Even though he’s based in Brooklyn, New York, Pandolfi is uniquely qualified to talk about Cincinnati’s food scene: He grew up here. Born in Connecticut, he was 9 years old when his family moved to Anderson Township. After graduating from Anderson High School, he got an English degree from Ohio University and then started graduate school at Xavier University to pursue his dream of becoming an English professor.
“But then I realized it wasn’t going to happen, so I just started writing for a living,” he said.

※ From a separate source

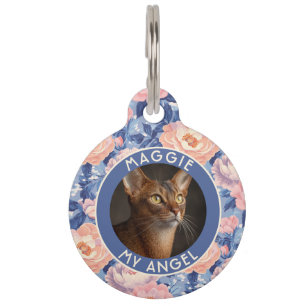 Médaillon Pour Animaux Cadeau d'amant de chien mignon Rose Fleur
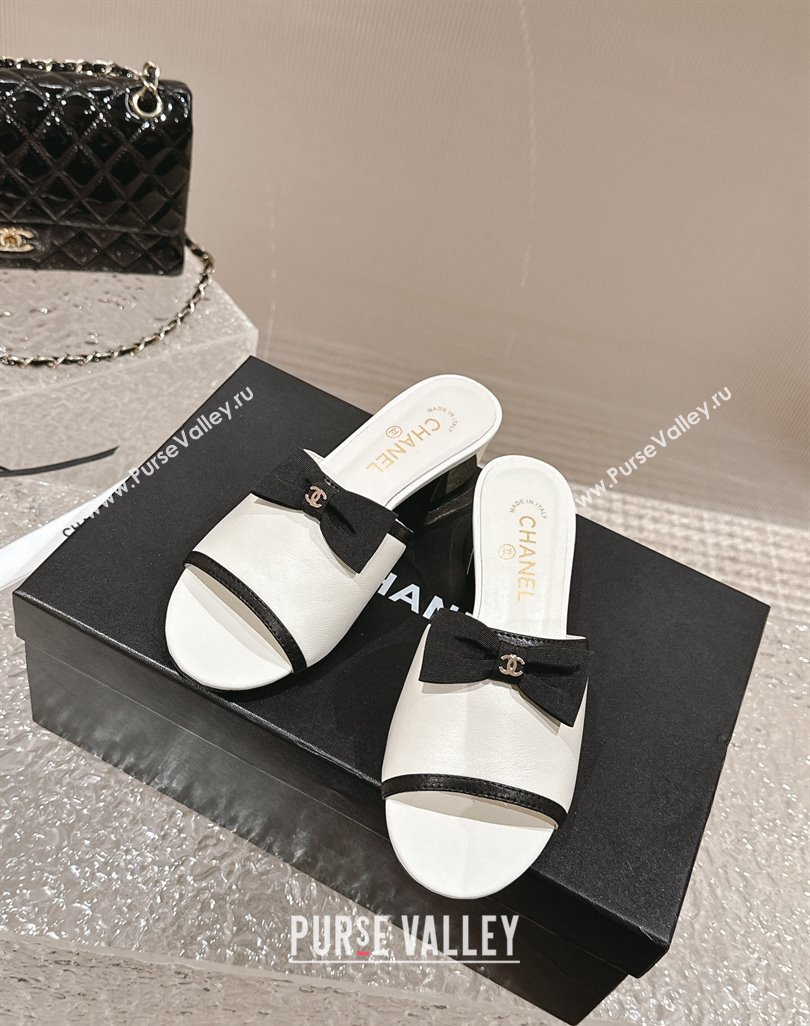 Chanel Lambskin Heel Slide Sandals with Bow 4cm G45691 White 2024 (MD-240424051)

Pandolfi wrote for the now-defunct Cincinnati publication Everybody’s News before taking a post in New Orleans as a reporter for New Orleans City Business. In 2003, he moved to New York, where he has remained since.
But whenever he’s in town, Pandolfi’s nostalgia nudges him to drop in on the comfort food joints of his youth. He still frequents eateries such as Skyline and The Echo in Hyde Park. Tucker’s in Over-the-Rhine was one of his favorite places until a kitchen fire in late July forced the long-standing restaurant to close its doors.
He fondly remembers tea excursions he and his mother took to the Hilton Cincinnati Netherland Plaza in what he calls his “Little Lord Fauntleroy youth.” Then there’s Ambar. “Growing up, I thought it was the best Indian place,” he said.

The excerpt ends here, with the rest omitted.